Lullin + Ferrari

Sara van der Heide

29 May - 17 Jul 2010

© Sara van der Heide
Saturnia Pavonia with Color Dots, 2010
Oil on canvas
135 x 180 cm (53-1/8 x 70-7/8 in.)
SARA VAN DER HEIDE
From the Beginning till the End and Everything in Between
29 May – 17 July 2010

We are delighted to show new works by the Dutch artist Sara van der Heide (born 1977 in Busan, South Korea, lives and works in Amsterdam) in her first exhibition in Zurich. Sara van der Heide studied at the Academy of Fine Arts, Amsterdam and accomplished her studies 2001. 2006 to 2007 she spent in New York on a grant by the artist in residence programme ISCP.
Sara van der Heide shows at the Lullin + Ferrari Gallery new conceptual paintings.
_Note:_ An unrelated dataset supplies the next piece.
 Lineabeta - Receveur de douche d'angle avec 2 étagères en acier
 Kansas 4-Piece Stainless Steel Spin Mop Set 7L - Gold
The title From the Beginning till the End and Everything in Between points towards the content of the exhibition – the series of works deals with the principal questions of human existence: Where are we coming from? Where are we going? What happens during our existence?
Sara van der Heide creates on canvas a stage of ideas and stories, firing the imagination of the public again and again. In the large painting Reorder of the World (2010) a door viewer, encircled by a colourful ribbon, opens up towards a blue sky. In the work The Beginning II (2010) the origin of the world and of every human being is put into perspective in an all-consuming close-up. The picture Light (2010) hints to the light as an essential condition for any existence. The two butterfly paintings Saturnia Pavonia with Color Dots and Saturnia Pavonia with Red, Yellow and Blue refer to the fragility of existence and might be considered as memento mori. Through the colour notations in the three dots of the black and white butterfly „Red, Yellow and Blue“ Sara van der Heide includes a reminiscence to the art of the Netherlands, especially to the paintings of Piet Mondrian and the De Stijl group.
Next to the large paintings Sara van der Heide places sometimes small studies on paper in black and white.
They repeat on a smaller scale the themes of the larger paintings and exemplify her way of working. In her new paintings Sara van der Heide shows the different possibilities of painting, and – by integrating her drawings – triggers a reflexive after thought; emphasizing her concerns and her working process.
The scale of the paintings refer to the height of the artist. With substantial physical engagement Sara van der Heide records her figurative marks on the canvas. In her new body of works she includes in a playful way motives from earlier paintings and refers to surrealistic ideas. By painting optical illusion on the planar canvas Sara van der Heide denies the two-dimensionality of her painted world. The paintings open up dream worlds; they contain both visual notations about the beginning and the end of existence and about the conflict between culture and nature. At the same time Sara van der Heide questions in her paintings the condition of modernism and its continuation in today‘s world.